The company also increased capacity with available seat kilometres (ASKs) growing faster than its guidance. ASKs increased 28 per cent year-on-year in July, against the management’s guidance of 25 per cent for the quarter ending September. The company achieved ASK growth of 25 per cent in the June quarter, while the guidance was for 23 per cent.
Load factor (capacity utilisation) and market share trailed those of peers in the June quarter. The former fell 470 bps in the quarter year-on-year (y-o-y), even though average fares fell 11 per cent as competitors operated at lower fares. While its load factor was 77.9 per cent in June, this rose to 83.6 per cent in July. Analysts at Kotak Institutional Equities (Kotak) say the July performance is a reflection of the management’s aim to improve market share and load factor by matching the aggressive pricing of peers for the rest of FY17.
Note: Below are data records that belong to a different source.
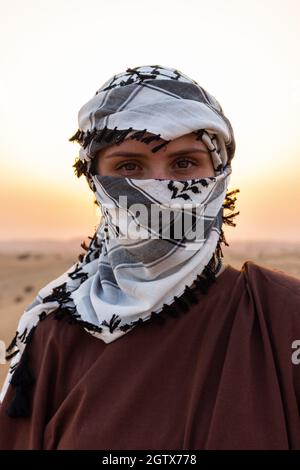 Keffiyeh scarves hi-res stock photography and images - Alamy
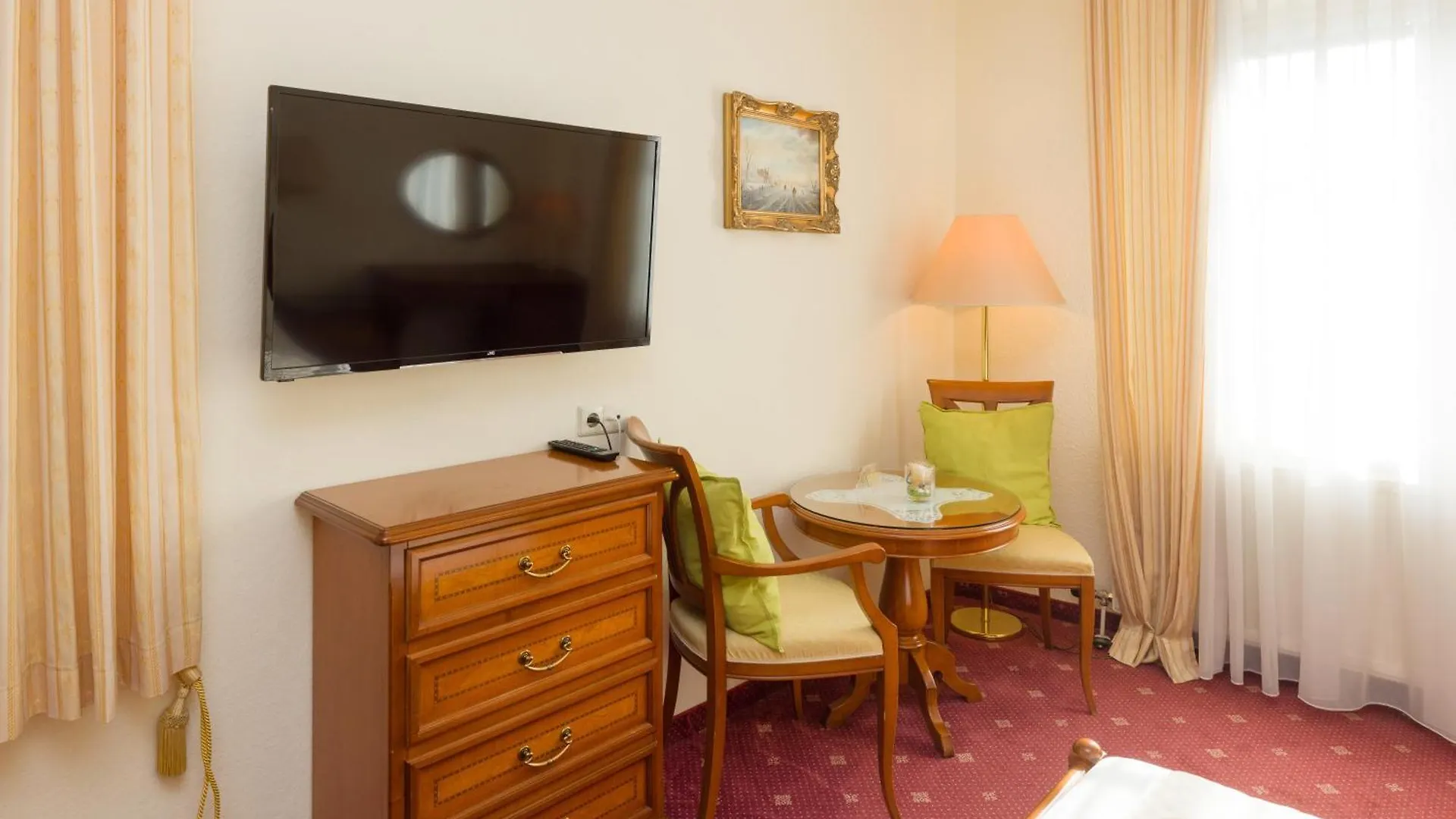 Pension Garden Vienna 0*,  Austria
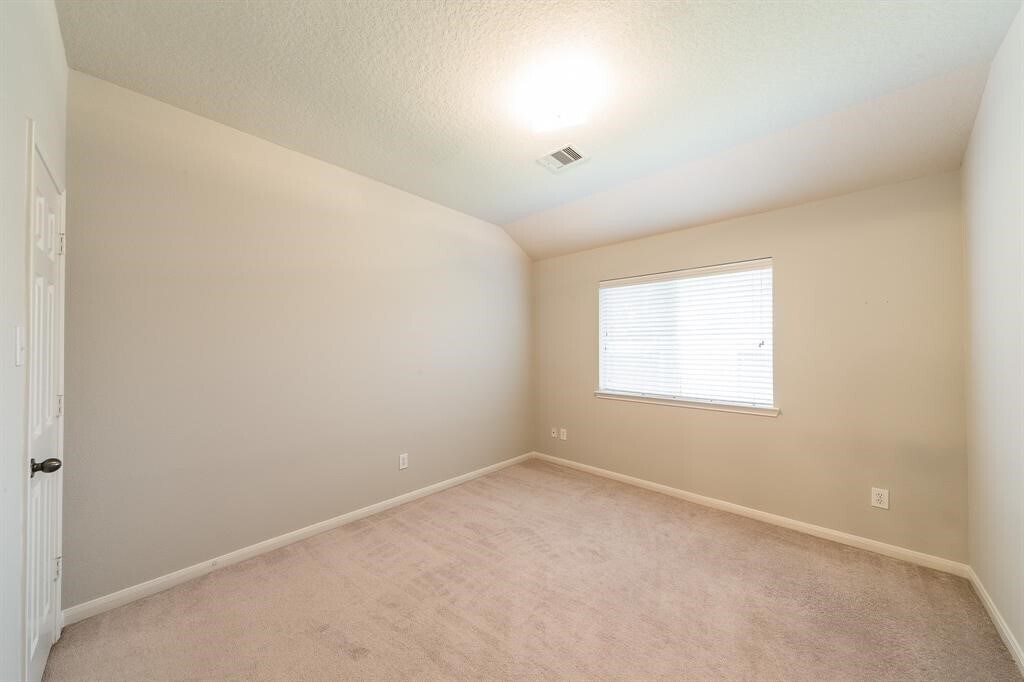 Building Photo - 9934 Barr Lake Dr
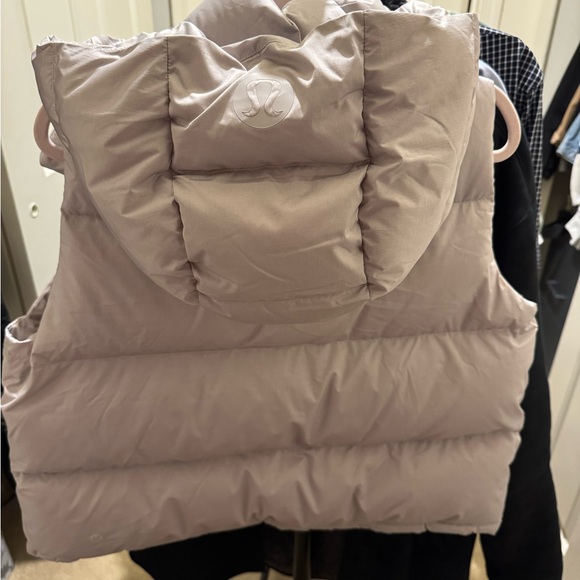 lululemon Puffer Vest in Light Gray - Picture 2 of 3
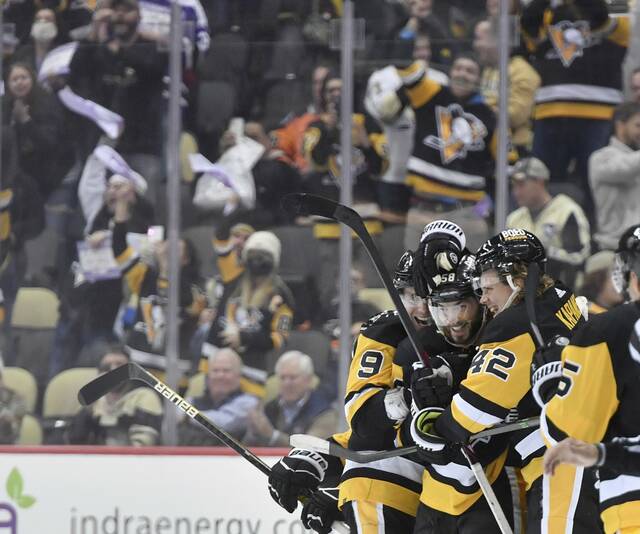 4421827_web1_ptr-PensFlyers10-110521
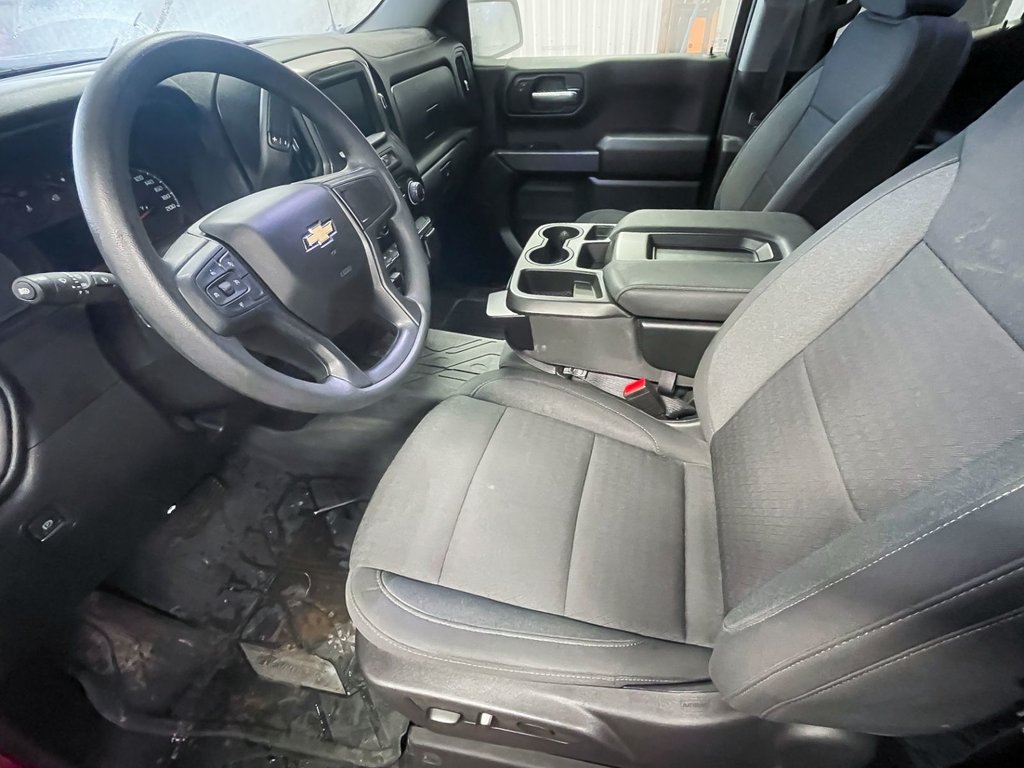 2023 Chevrolet Silverado 1500 in St-Jérôme, Quebec - 3 - w1024h768px
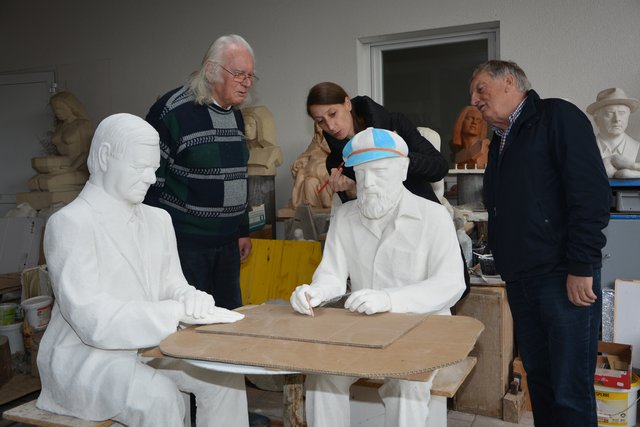 Letzter Feinschliff an den Gipsmodellen vor dem Bronzeguss: Künstler Josef Lehner (l.), Dir. Melanie Franke und Bgm. Franz Handler.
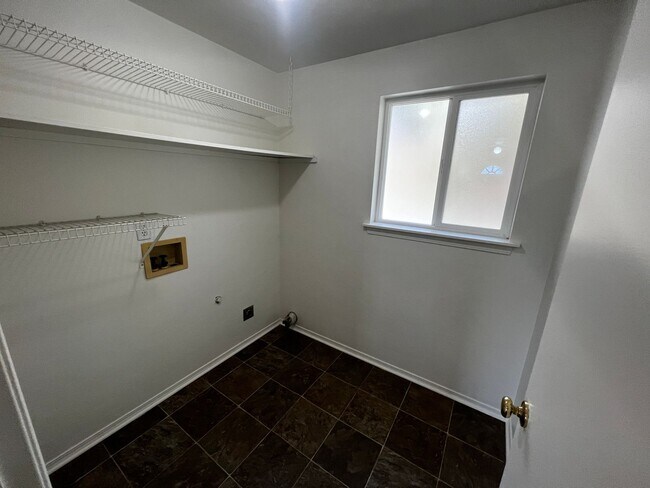 Building Photo - 210-220 N 2nd St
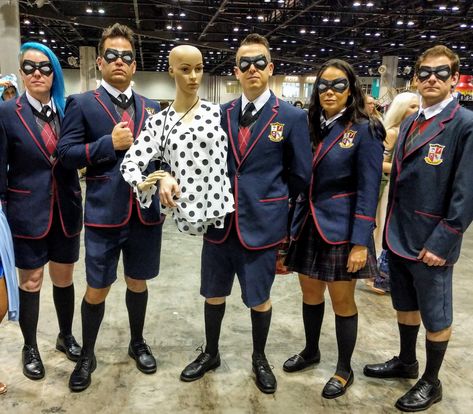 Umbrella Academy Halloween Costume, Umbrella Academy Outfit Ideas, Umbrella Academy Costume, Umbrella Academy Outfit, Umbrella Academy Cosplay, Costumes 2023, Academy Uniforms, Cosplay Reference, Bored Board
However, analysts at ICICI Securities say low fares cannot be the only explanation for the jump in passenger traffic, considering that July is traditionally a weak month. The performance, according to them, establishes the underlying fundamentals of the domestic market. Analysts say their assumptions of domestic supply lagging growth is panning out, and this gap will increase with strong demand in the December and March quarters and supply side adjustments pointing to a slower pace of capacity addition than expected.
Analysts at Kotak say while the strong passenger volume growth in July is encouraging and ahead of estimates, it is most likely at the expense of yield. It estimates IndiGo’s yield to fall five per cent in FY17 as all major players are likely to continue their aggressive discounting strategy. In addition to volume growth, a recovery in yield, according to them, is a key near-term trigger for the company’s stock price.